[Dataset records]

========================

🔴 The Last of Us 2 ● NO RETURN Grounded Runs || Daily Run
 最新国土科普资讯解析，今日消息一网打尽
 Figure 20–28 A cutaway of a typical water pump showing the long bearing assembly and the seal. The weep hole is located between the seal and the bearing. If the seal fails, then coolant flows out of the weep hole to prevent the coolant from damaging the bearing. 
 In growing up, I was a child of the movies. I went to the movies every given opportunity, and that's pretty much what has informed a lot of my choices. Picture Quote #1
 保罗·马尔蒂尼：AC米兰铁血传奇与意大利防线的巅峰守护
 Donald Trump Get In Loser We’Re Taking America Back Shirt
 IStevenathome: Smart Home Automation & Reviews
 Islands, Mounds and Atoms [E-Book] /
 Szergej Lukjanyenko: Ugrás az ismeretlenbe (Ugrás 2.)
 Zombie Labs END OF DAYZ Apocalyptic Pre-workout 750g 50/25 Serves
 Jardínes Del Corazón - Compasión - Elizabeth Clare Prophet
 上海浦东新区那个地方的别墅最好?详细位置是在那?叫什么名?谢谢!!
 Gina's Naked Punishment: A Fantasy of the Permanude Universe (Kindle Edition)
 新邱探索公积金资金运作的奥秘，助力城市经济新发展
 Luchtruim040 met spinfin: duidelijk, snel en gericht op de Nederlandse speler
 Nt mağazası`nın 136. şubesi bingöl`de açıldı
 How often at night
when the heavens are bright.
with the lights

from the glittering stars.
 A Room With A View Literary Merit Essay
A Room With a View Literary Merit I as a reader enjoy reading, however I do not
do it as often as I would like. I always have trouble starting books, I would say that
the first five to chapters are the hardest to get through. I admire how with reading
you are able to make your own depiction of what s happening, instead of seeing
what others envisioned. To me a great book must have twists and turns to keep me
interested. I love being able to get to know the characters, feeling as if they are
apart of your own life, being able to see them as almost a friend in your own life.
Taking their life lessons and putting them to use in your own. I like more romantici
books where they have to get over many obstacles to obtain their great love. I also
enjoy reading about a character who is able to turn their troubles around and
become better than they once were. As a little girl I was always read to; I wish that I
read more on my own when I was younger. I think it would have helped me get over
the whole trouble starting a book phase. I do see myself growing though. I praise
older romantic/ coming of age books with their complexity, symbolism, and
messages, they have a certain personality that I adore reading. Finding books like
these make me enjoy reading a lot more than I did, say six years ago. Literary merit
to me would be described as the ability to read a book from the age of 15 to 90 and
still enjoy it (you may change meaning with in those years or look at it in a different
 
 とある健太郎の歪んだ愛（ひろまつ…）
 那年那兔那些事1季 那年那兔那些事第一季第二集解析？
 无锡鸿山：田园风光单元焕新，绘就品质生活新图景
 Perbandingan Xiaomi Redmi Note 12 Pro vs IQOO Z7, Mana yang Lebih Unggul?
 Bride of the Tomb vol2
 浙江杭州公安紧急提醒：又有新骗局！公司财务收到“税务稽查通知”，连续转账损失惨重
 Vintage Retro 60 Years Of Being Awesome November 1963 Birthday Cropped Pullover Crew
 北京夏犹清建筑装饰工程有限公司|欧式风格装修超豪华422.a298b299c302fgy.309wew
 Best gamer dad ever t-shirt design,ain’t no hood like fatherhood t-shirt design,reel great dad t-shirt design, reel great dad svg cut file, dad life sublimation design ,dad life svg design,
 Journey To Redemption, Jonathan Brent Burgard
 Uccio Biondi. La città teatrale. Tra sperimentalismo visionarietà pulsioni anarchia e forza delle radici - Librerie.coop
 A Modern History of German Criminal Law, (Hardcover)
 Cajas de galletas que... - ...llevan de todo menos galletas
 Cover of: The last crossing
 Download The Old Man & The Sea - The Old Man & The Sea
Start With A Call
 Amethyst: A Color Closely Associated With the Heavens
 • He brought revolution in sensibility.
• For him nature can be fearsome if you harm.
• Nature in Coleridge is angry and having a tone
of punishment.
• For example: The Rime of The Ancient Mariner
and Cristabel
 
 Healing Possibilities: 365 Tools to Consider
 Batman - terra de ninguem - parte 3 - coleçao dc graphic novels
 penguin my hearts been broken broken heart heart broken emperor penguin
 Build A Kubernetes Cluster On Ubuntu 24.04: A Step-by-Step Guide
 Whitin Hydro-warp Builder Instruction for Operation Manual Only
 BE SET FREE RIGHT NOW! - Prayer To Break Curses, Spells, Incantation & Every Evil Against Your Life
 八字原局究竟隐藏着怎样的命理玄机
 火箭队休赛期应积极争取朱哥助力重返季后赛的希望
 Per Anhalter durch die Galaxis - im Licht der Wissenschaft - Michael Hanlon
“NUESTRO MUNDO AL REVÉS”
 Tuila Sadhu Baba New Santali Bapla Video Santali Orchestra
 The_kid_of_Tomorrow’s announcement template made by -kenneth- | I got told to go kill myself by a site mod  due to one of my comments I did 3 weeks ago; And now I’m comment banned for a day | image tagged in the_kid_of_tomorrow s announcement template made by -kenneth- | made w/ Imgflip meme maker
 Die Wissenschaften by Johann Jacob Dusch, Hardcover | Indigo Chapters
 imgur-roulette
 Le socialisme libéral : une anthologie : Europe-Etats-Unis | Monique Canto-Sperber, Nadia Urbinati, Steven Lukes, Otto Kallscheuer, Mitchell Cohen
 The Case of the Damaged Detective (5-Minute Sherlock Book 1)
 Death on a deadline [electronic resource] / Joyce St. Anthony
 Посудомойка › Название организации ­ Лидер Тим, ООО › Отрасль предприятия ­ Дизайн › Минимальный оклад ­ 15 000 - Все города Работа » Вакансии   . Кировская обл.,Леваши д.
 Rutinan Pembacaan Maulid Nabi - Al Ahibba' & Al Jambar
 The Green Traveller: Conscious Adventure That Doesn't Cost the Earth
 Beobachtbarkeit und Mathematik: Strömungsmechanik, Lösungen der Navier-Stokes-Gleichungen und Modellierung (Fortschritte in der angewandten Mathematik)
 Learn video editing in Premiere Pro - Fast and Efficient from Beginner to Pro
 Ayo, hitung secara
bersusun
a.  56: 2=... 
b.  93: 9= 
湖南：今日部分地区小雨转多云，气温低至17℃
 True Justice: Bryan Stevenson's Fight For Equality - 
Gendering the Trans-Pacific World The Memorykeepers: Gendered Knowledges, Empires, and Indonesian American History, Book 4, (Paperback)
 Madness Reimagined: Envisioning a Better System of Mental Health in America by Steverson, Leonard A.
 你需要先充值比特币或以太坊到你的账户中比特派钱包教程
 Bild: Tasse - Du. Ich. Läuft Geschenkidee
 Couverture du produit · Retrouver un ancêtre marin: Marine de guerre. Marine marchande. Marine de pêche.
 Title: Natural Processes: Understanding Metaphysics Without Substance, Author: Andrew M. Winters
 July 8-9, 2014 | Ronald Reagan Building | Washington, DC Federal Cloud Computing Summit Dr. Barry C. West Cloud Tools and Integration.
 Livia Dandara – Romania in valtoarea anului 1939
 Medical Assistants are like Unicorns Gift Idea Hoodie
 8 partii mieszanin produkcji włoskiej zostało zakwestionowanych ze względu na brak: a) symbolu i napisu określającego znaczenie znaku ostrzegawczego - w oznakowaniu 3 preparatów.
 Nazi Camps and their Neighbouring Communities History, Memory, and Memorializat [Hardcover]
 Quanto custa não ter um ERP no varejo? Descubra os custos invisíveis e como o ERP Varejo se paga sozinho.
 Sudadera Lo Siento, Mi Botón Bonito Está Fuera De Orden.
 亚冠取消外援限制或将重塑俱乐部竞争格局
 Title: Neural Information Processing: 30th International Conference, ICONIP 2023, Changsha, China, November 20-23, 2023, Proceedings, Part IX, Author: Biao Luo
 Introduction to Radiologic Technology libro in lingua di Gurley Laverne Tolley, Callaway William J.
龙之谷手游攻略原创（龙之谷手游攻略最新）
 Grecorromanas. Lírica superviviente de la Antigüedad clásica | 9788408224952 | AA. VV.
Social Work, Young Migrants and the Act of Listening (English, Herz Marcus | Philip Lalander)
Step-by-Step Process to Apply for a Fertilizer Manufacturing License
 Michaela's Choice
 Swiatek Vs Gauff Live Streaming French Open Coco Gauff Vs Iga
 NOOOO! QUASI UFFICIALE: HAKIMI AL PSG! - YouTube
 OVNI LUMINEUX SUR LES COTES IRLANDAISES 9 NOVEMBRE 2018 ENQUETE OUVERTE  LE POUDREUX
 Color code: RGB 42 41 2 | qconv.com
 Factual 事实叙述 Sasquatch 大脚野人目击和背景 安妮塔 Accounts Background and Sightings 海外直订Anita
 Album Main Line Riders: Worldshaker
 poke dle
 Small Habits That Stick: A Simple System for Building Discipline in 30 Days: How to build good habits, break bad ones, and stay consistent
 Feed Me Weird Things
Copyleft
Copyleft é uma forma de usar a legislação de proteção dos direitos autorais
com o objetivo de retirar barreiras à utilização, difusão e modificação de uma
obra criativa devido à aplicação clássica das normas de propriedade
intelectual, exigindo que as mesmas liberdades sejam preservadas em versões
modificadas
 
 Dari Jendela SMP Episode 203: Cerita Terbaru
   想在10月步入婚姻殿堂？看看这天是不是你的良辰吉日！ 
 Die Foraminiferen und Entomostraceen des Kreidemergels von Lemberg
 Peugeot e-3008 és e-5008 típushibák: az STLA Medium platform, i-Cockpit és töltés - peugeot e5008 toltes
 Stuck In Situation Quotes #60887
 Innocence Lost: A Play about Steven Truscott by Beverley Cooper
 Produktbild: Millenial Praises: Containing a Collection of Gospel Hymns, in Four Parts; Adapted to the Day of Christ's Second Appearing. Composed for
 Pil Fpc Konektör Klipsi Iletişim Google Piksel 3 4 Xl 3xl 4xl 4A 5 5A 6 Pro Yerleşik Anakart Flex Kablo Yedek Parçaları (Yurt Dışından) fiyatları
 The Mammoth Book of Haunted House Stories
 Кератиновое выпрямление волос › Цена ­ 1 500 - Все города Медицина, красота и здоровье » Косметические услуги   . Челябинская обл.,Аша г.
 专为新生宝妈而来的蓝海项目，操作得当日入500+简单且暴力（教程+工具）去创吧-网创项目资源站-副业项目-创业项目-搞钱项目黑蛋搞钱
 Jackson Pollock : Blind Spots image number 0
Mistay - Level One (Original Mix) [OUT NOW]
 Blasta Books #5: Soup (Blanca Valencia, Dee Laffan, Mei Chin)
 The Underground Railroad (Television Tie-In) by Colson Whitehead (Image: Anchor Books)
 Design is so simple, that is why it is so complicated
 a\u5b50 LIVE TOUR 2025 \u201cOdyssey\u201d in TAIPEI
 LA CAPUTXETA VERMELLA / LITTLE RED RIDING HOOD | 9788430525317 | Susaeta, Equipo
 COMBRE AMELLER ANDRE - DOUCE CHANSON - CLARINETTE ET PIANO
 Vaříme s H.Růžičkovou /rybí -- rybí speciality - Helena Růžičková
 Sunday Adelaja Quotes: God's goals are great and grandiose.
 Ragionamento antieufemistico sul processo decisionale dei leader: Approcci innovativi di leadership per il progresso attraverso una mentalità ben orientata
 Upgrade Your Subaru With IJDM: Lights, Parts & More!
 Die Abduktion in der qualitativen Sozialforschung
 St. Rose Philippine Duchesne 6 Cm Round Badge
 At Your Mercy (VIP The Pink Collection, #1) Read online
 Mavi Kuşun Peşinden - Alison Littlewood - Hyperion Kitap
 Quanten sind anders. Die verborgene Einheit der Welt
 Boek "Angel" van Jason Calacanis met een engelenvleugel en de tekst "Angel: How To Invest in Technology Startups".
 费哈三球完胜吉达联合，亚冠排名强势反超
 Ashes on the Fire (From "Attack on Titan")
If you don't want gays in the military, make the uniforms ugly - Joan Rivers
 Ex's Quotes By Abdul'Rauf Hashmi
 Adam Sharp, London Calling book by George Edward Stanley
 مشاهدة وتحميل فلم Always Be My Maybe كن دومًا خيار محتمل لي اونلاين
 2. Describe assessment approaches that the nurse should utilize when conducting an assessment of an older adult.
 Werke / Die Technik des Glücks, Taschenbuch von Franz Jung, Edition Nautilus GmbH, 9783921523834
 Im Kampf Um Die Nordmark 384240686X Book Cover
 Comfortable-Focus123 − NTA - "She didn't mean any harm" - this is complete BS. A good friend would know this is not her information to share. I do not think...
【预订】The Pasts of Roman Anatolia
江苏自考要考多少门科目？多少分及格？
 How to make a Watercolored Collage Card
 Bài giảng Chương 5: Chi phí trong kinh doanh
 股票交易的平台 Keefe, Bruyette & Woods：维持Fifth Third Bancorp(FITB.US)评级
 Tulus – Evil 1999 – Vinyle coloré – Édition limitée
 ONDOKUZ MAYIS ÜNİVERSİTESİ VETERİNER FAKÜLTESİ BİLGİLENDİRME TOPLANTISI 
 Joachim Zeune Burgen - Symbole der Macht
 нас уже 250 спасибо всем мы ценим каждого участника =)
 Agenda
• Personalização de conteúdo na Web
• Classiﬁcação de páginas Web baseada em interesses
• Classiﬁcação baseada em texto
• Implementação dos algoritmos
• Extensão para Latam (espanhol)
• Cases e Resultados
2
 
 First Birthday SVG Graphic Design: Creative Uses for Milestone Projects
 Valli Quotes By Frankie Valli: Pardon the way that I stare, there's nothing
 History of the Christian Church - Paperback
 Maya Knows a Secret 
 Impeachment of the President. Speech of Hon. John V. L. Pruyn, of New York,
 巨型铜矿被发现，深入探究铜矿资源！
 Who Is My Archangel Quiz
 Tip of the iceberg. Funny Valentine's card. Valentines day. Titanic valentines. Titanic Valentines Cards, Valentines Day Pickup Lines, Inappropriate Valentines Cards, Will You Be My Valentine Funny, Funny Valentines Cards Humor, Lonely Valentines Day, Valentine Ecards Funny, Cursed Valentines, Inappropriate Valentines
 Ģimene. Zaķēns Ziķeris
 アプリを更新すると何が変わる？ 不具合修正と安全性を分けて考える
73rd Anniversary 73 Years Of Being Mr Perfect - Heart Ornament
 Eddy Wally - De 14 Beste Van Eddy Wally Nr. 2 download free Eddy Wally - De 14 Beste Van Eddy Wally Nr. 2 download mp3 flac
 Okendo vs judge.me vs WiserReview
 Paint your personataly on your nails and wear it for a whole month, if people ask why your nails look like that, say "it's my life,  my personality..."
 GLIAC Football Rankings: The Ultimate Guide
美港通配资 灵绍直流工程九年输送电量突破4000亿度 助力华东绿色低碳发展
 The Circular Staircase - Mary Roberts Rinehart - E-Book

========================

EXERCISE INSTRUCTIONS: What is needed is an exact copy of the entries from their first line down to the line with "Figure 20–28 A", that line included, and nothing beyond it.

ANSWER FOR THE TASK:
🔴 The Last of Us 2 ● NO RETURN Grounded Runs || Daily Run
 最新国土科普资讯解析，今日消息一网打尽
 Figure 20–28 A cutaway of a typical water pump showing the long bearing assembly and the seal. The weep hole is located between the seal and the bearing. If the seal fails, then coolant flows out of the weep hole to prevent the coolant from damaging the bearing. 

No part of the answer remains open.